Ini memang diusulkan oleh dokter, mengingat kesehatan Nabil agak terganggu karena kurang
gerak. Ini adalah sebuah kebijakan yang baik. Tetapi yang diinginkan Dhila juga baik, karena
dengan memiliki almari es akan sangat mempermudah tugasnya untuk berbelanja dan mengatur
menu, sehingga akhirnya meringankan beban tugasnya memasak, yang akhirnya mengurangi pula
beban pikirannya.

     Tetapi tetap salah satu harus mengalah. Boleh Nabil yang mengalah, bisa jadi pula Dhila.
Jika setelah dimusyawarahkan tetap belum ada yang mau mengalah, tentu dua keinginan ini tidak
bisa dibiarkan dijalankan masing-masing. Dibiarkan berseteru pun tak ada gunanya. Maka jelas
yang dibutuhkan di sini adalah kata putus dari suami. Dan ketaatan dari sang istri. Tanpa adanya
ini, perseteruan tak akan selesai.

     Allah swt sang Pemilik manusia telah menetapkan bahwa pemimpin di dalam keluarga
adalah laki-laki (Qs an-Nisa': 34). Karena Dia yang Menciptakan, sudah jelas pilihan inipun tak
akan mungkin keliru. Dialah yang paling tahu apa yang terbaik bagi makhluk-makhluk-Nya.

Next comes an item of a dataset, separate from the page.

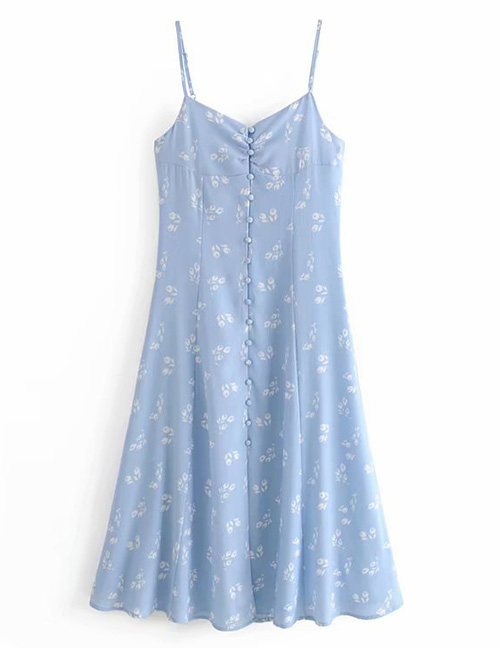Fashion Blue Floral Print Sling Single-breasted Halter Dress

     Tidak ada salahnya, kita mencoba menguak misteri ketaatan ini. Mengapa Allah swt
memilih laki-laki? Apa dasar pemikirannya? Apa pula hikmahnya bagi kita? Apa pula akibatnya
jika tidak kita laksanakan ajaran-Nya ini?

Luas wawasan.
     Sesuai pembagian tugas secara fitrah, laki-laki berkewajiban bekerja untuk memenuhi
nafkah keluarga. Untuk tugas ini mereka dituntut untuk selalu keluar rumah. Mereka harus
berhubungan dengan banyak orang dan harus tahu juga keadaan masyarakat.

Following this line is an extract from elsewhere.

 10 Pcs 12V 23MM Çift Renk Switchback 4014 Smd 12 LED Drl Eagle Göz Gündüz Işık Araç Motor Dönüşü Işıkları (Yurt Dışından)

     Informasi yang mereka dapatkan jauh lebih banyak, lebih bervariasi dan lebih valid karena
luasnya pergaulan. Lengkap-tidaknya informasi yang diperoleh seseorang tentu akan
mempengaruhi taraf kesempurnaan kebijaksanaan yang akan diambil. Jika seorang pemimpin yang
hendak memutuskan sesuatu hal tidak memiliki keluasan informasi, jelas nilai kebijaksanaannya
patut dipertanyakan.

     Masalahnya sekarang istri pun banyak yang mencari nafkah. Bukankah itu berarti para
istripun mendapatkan informasi yang banyak dan luas pula? Apakah lantas dengan kapasitas
informasi yang mereka miliki itu mereka tidak berhak untuk turut memutuskan?

     Memang tidak bisa dipungkiri, peran wanita sangat diperlukan, termasuk dalam upaya
pembentukan masyarakat Islami. Tetapi Islam tetap membatasi ruang gerak kaum muslimah yang
berkarir itu, sebatas kemampuan mereka sebagai wanita.

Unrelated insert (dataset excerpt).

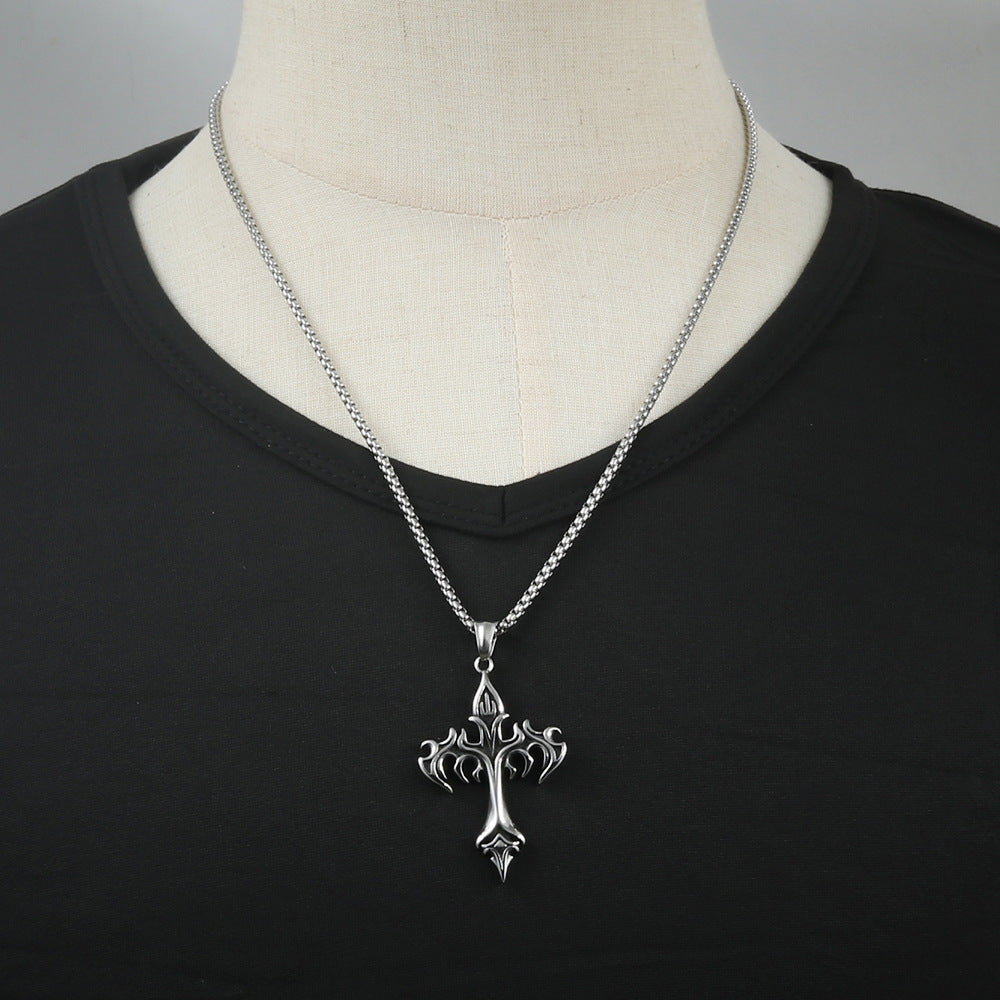 European And American Stainless Steel Cross Pendant For Men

     Misalkan dalam hal pemilihan waktu kerja, untuk kaum muslimah tidak perlu full-time.
Selain mempertimbangkan kemampuan fisik, masih banyak tugas utama lain dalam rumah tangga
yang harus tetap memperoleh perhatian. Itu sebabnya jika muslimah berkarir, harus diatur waktu
yang fleksibel hingga tidak mengganggu tugas-tugas kerumahtanggaannya.

     Begitu pula dalam lingkup dunia kerjanya. Wanita diarahkan berkiprah dalam masyarakat
khusus kaum muslimah. Sehingga karir mereka nantinya dari muslimah, oleh muslimah, dan untuk
muslimah. Dalam lingkungan kerja seperti ini biasanya informasi yang berkembang di dalamnya
sebatas pada persoalan-persoalan kaum wanita dan keluarga saja. Bukan masalah
kemasyarakatan yang luas, termasuk urusan politik. Untuk hal yang terakhir ini, ruang kerja
laki-lakilah yang banyak membicarakannya.

     Seorang muslimah yang berkarir secara Islami, tetap tidak akan melebihi suaminya. Kecuali
mereka melampaui batas, sehingga melalaikan tugas kerumahtanggaannya, dan sibuk untuk
mengurus sesuatu di luar lingkupnya. Istri seperti ini biasanya rawan berselisih dengan suaminya.

Rasional.
     Rasional-tidaknya pemikiran seseorang amat dipengaruhi tingkat dominasi perasaannya.
Tingkat rasionalisasi pikiran berbanding terbalik dengan tingkat penggunaan emosi dan perasaan
dalam berpikir tersebut.

     Laki-laki, karena secara fitrah tidak didominasi perasaan dalam berpikir dan bertindak,
relatif lebih rasional dalam menentukan sesuatu. Dan memang inilah yang sangat mempengaruhi
kualitas sebuah kebijakan. Bagaimanapun, langkah yang banyak diikuti emosi tidak akan
memberikan hasil yang baik.

     Wanita secara normal tidak akan demikian. Emosinya tetap menonjol, karena memang
lingkup tugasnya menuntut demikian. Dan ini tidak bisa dihilangkan, karena justru aka berakibat
fatal: ia tidak bisa lagi melaksanakan tugas kewanitaannya.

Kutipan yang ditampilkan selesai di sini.